Start of Exercise input
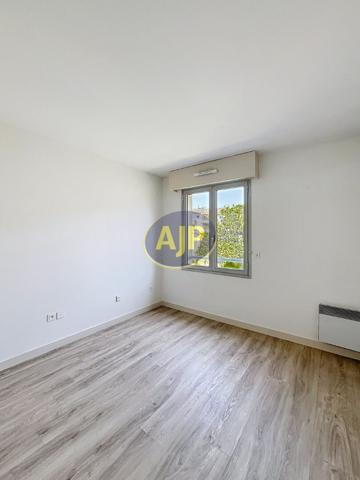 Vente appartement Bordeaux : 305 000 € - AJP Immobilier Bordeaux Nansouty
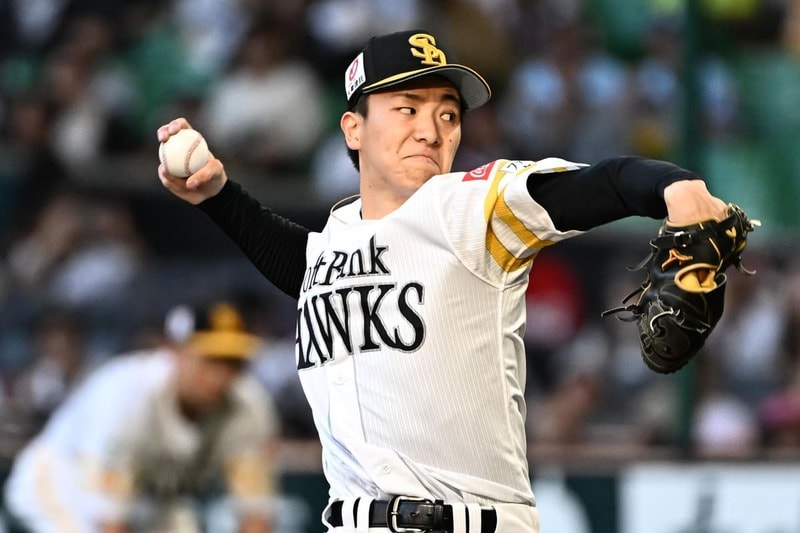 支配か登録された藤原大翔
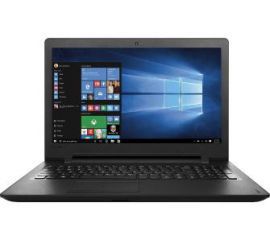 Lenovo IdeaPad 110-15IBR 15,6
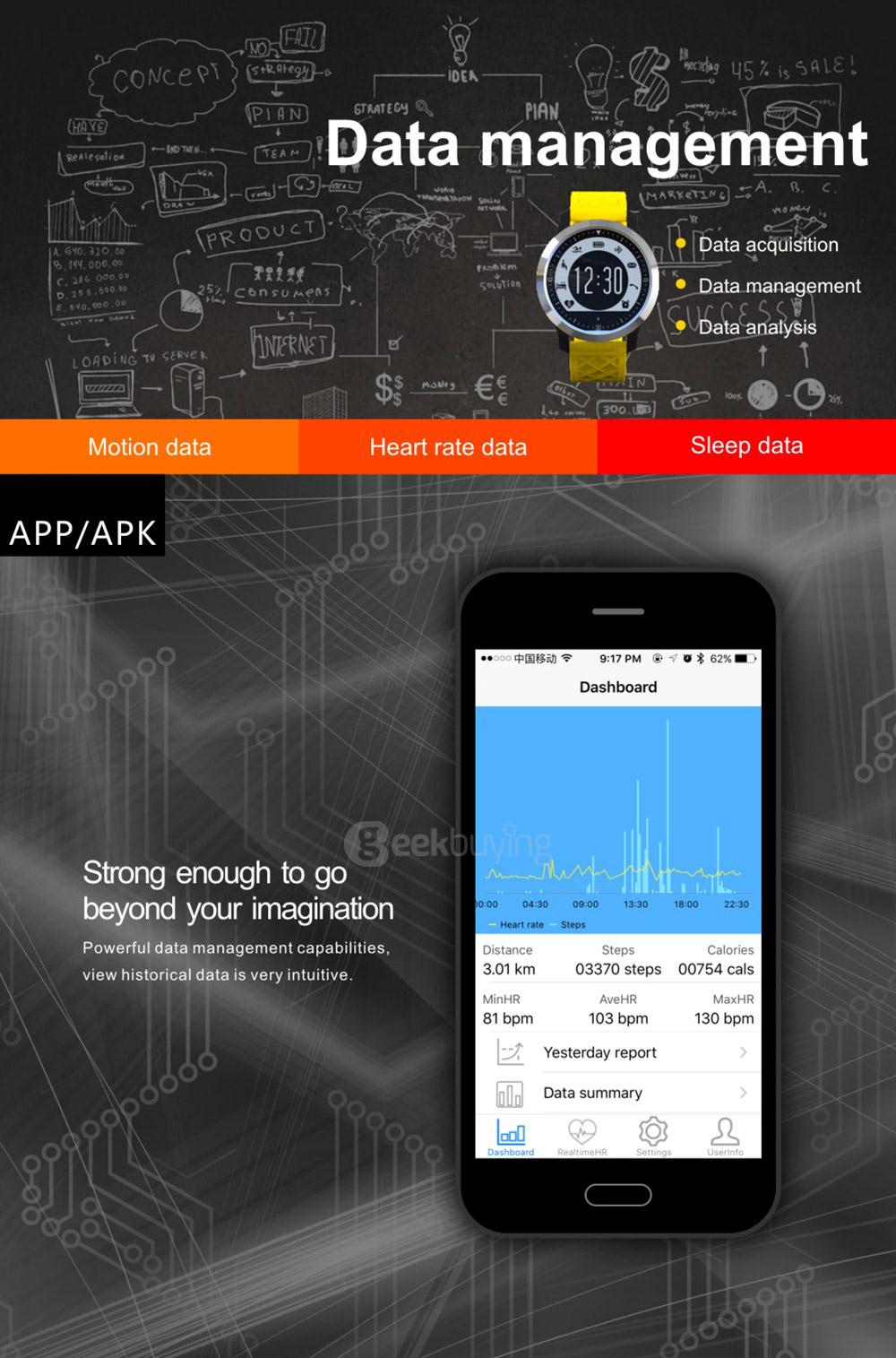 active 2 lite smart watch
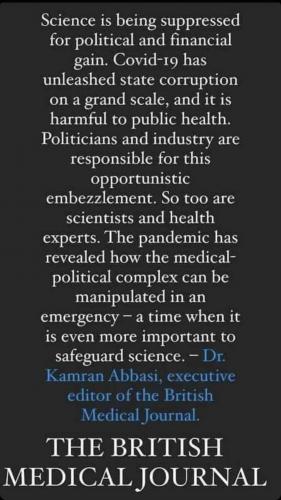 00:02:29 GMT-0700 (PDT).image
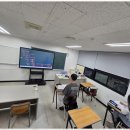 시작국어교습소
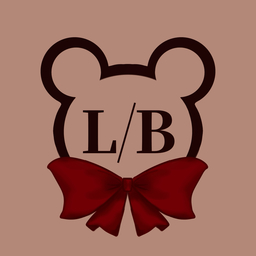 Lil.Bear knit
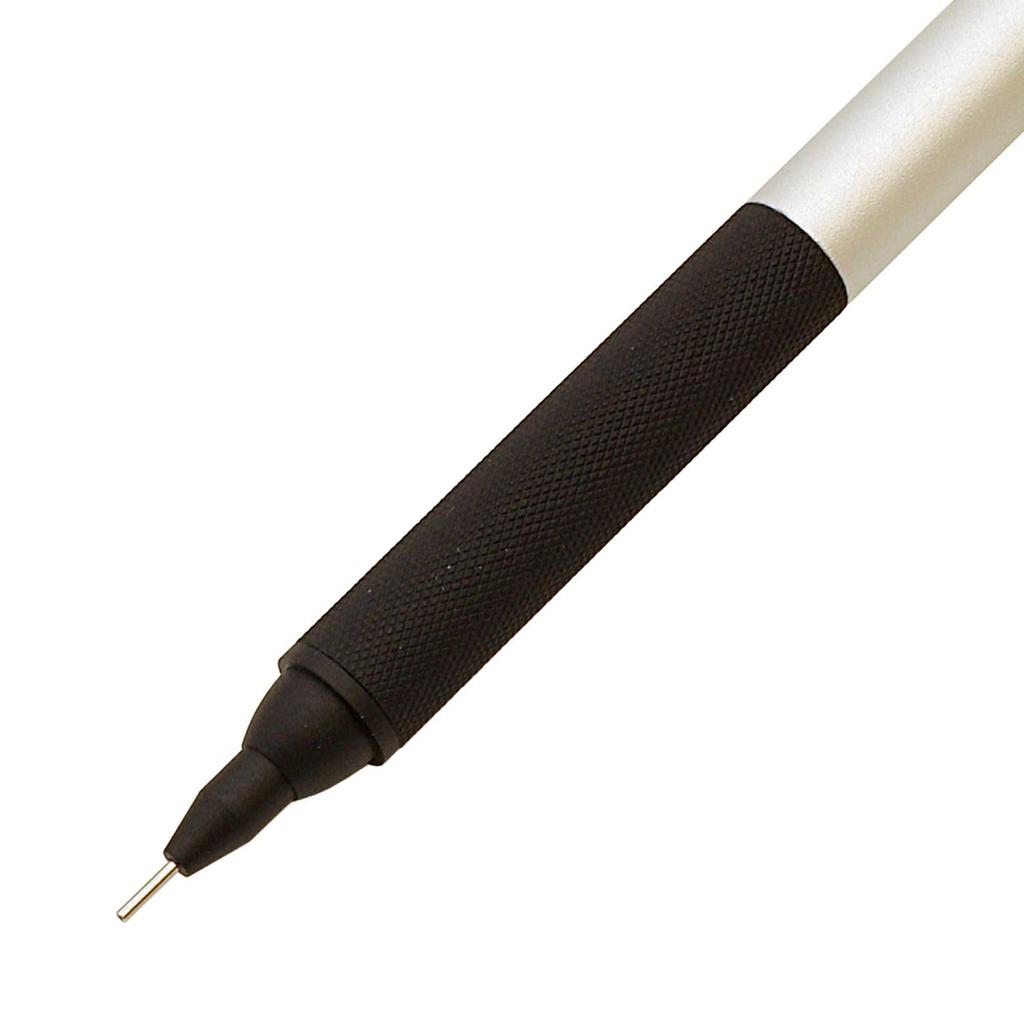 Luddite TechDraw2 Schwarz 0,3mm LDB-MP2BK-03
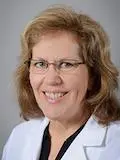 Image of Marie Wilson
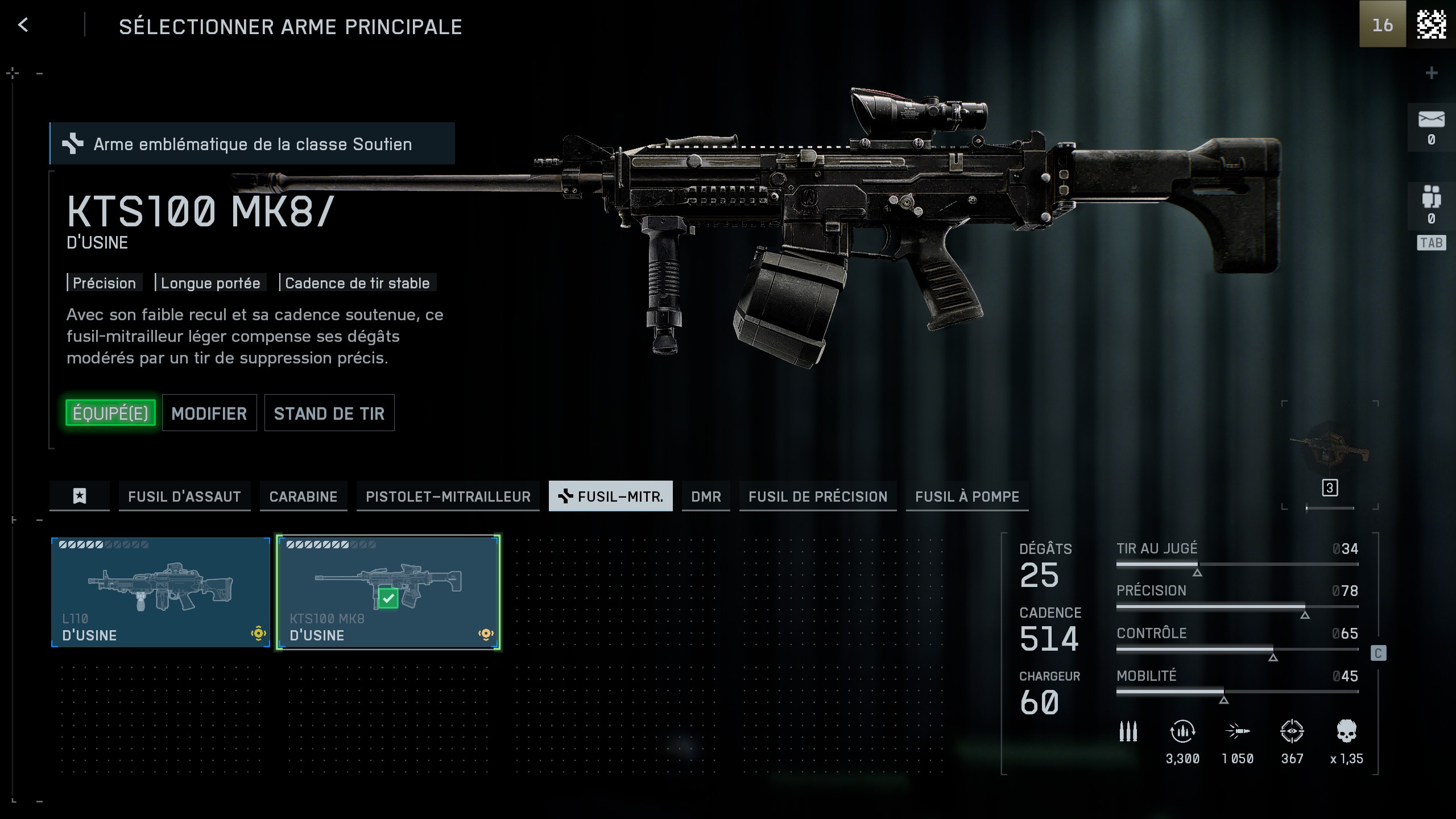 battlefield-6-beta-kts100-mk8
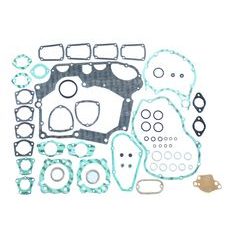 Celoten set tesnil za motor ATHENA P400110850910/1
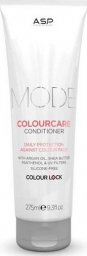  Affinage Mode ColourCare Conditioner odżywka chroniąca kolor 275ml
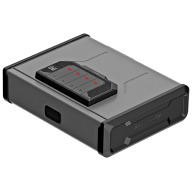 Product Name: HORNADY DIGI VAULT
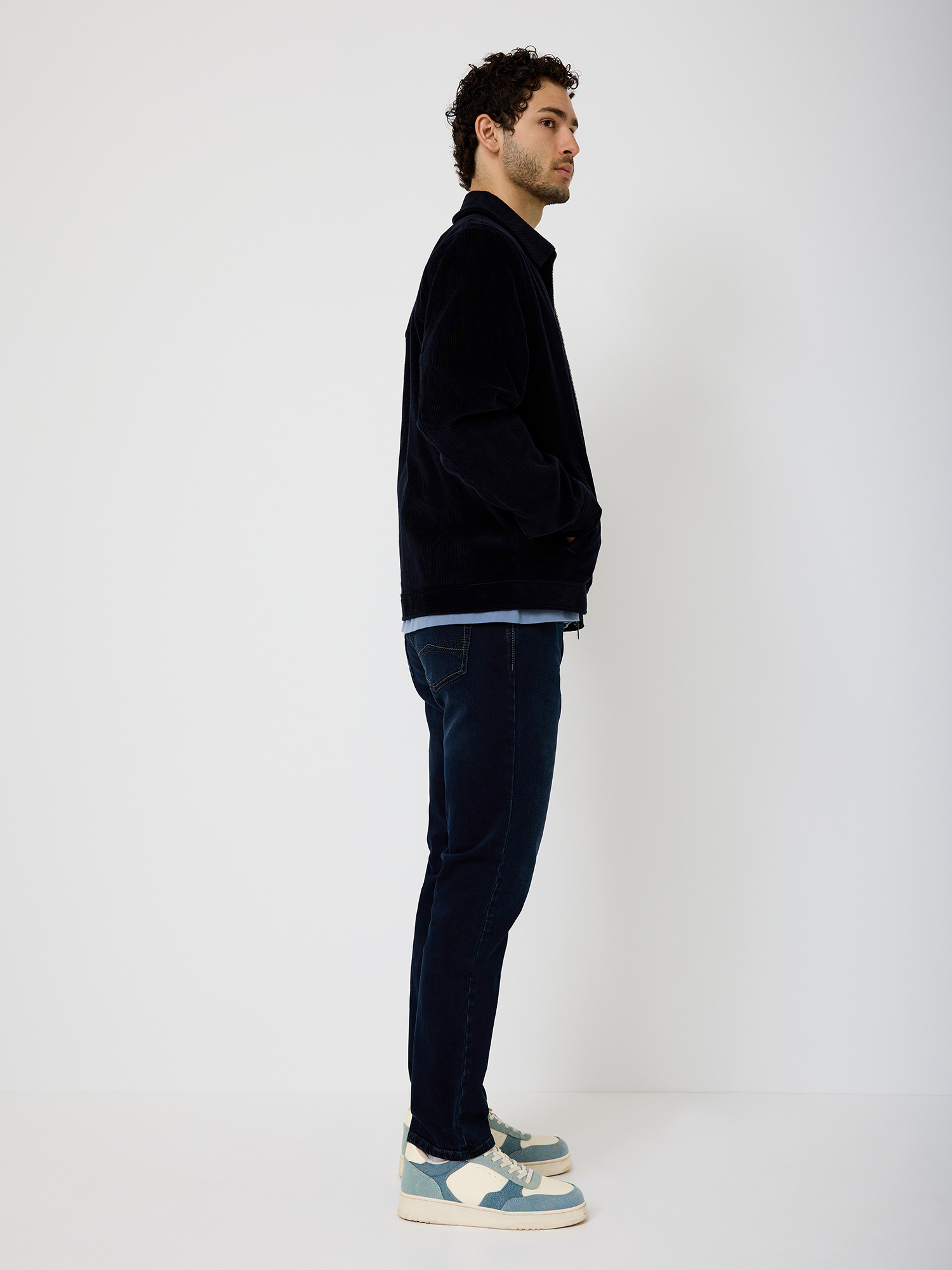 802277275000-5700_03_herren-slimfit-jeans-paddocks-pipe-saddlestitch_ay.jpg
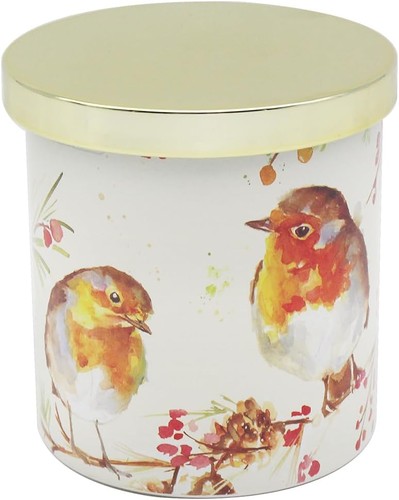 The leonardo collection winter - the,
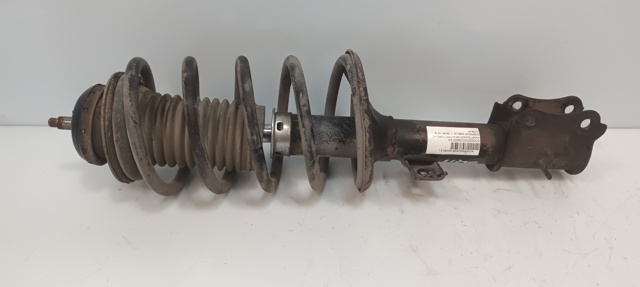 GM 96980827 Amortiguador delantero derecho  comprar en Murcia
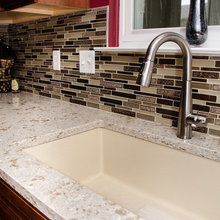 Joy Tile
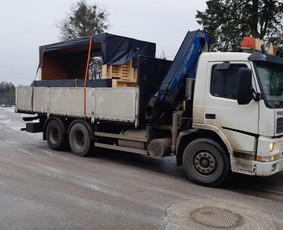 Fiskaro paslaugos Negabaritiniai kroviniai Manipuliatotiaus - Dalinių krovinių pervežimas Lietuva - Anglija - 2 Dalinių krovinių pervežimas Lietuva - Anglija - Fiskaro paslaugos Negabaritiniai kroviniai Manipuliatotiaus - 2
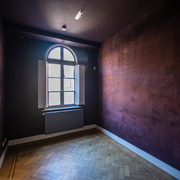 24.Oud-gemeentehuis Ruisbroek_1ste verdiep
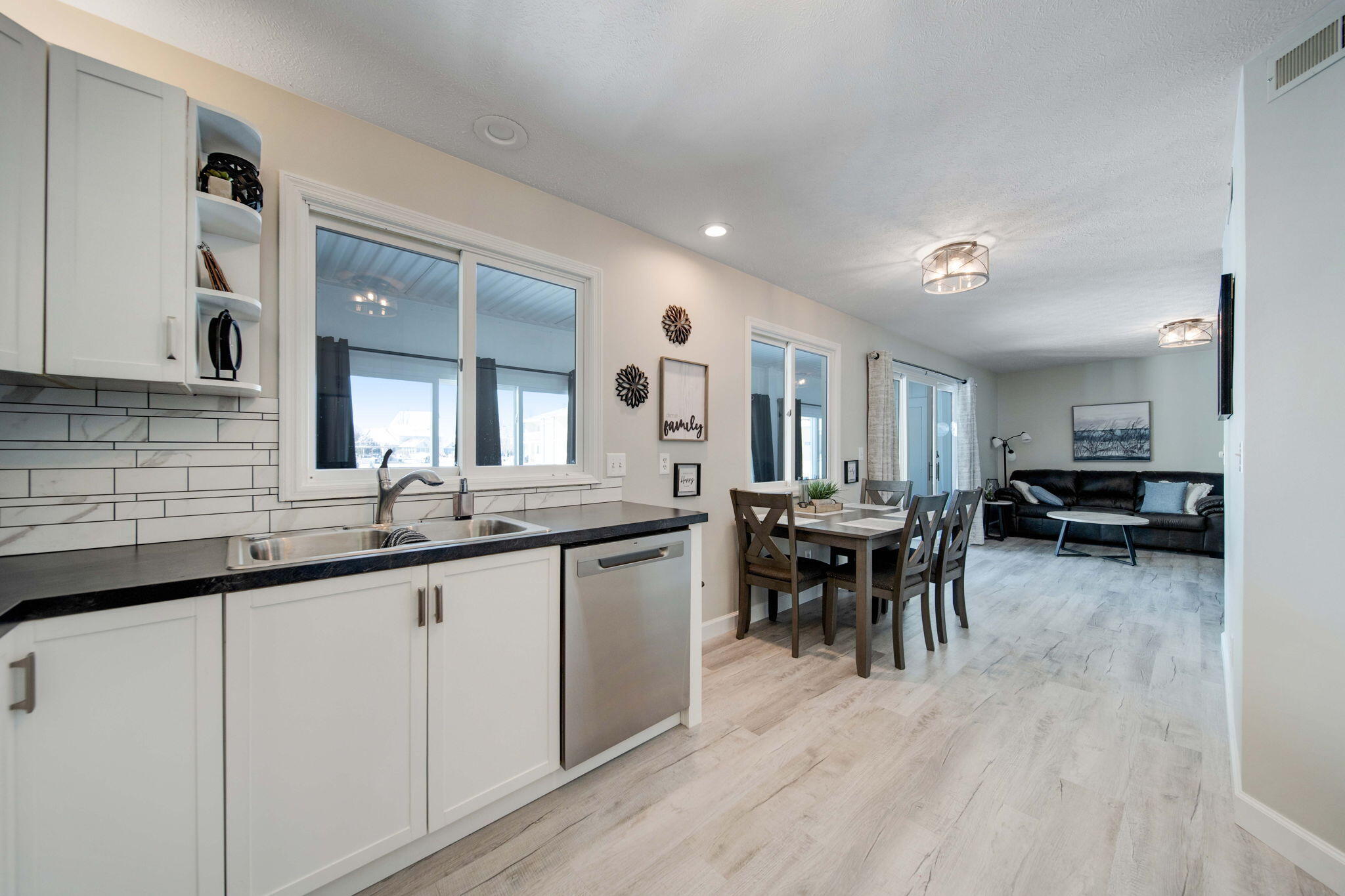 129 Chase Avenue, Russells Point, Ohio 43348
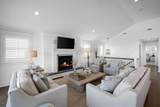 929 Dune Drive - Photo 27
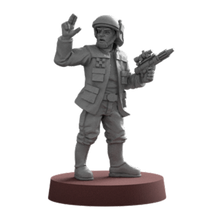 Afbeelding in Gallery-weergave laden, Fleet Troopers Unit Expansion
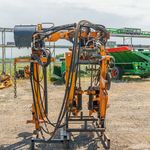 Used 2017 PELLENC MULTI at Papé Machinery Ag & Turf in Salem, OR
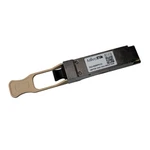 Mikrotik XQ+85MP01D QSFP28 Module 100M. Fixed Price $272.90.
End of Exercise input
◆ Directions for this task:
Set down every entry exactly; omit the pictures.

◆ Response to this task:
 Vente appartement Bordeaux : 305 000 € - AJP Immobilier Bordeaux Nansouty
 支配か登録された藤原大翔
 Lenovo IdeaPad 110-15IBR 15,6
 active 2 lite smart watch
 00:02:29 GMT-0700 (PDT).image
 시작국어교습소
 Lil.Bear knit
 Luddite TechDraw2 Schwarz 0,3mm LDB-MP2BK-03
 Image of Marie Wilson
 battlefield-6-beta-kts100-mk8
 Celoten set tesnil za motor ATHENA P400110850910/1
  Affinage Mode ColourCare Conditioner odżywka chroniąca kolor 275ml
 Product Name: HORNADY DIGI VAULT
 802277275000-5700_03_herren-slimfit-jeans-paddocks-pipe-saddlestitch_ay.jpg
 The leonardo collection winter - the,
 GM 96980827 Amortiguador delantero derecho  comprar en Murcia
 Joy Tile
 Fiskaro paslaugos Negabaritiniai kroviniai Manipuliatotiaus - Dalinių krovinių pervežimas Lietuva - Anglija - 2 Dalinių krovinių pervežimas Lietuva - Anglija - Fiskaro paslaugos Negabaritiniai kroviniai Manipuliatotiaus - 2
 24.Oud-gemeentehuis Ruisbroek_1ste verdiep
 129 Chase Avenue, Russells Point, Ohio 43348
 929 Dune Drive - Photo 27
 Afbeelding in Gallery-weergave laden, Fleet Troopers Unit Expansion
 Used 2017 PELLENC MULTI at Papé Machinery Ag & Turf in Salem, OR
 Mikrotik XQ+85MP01D QSFP28 Module 100M. Fixed Price $272.90.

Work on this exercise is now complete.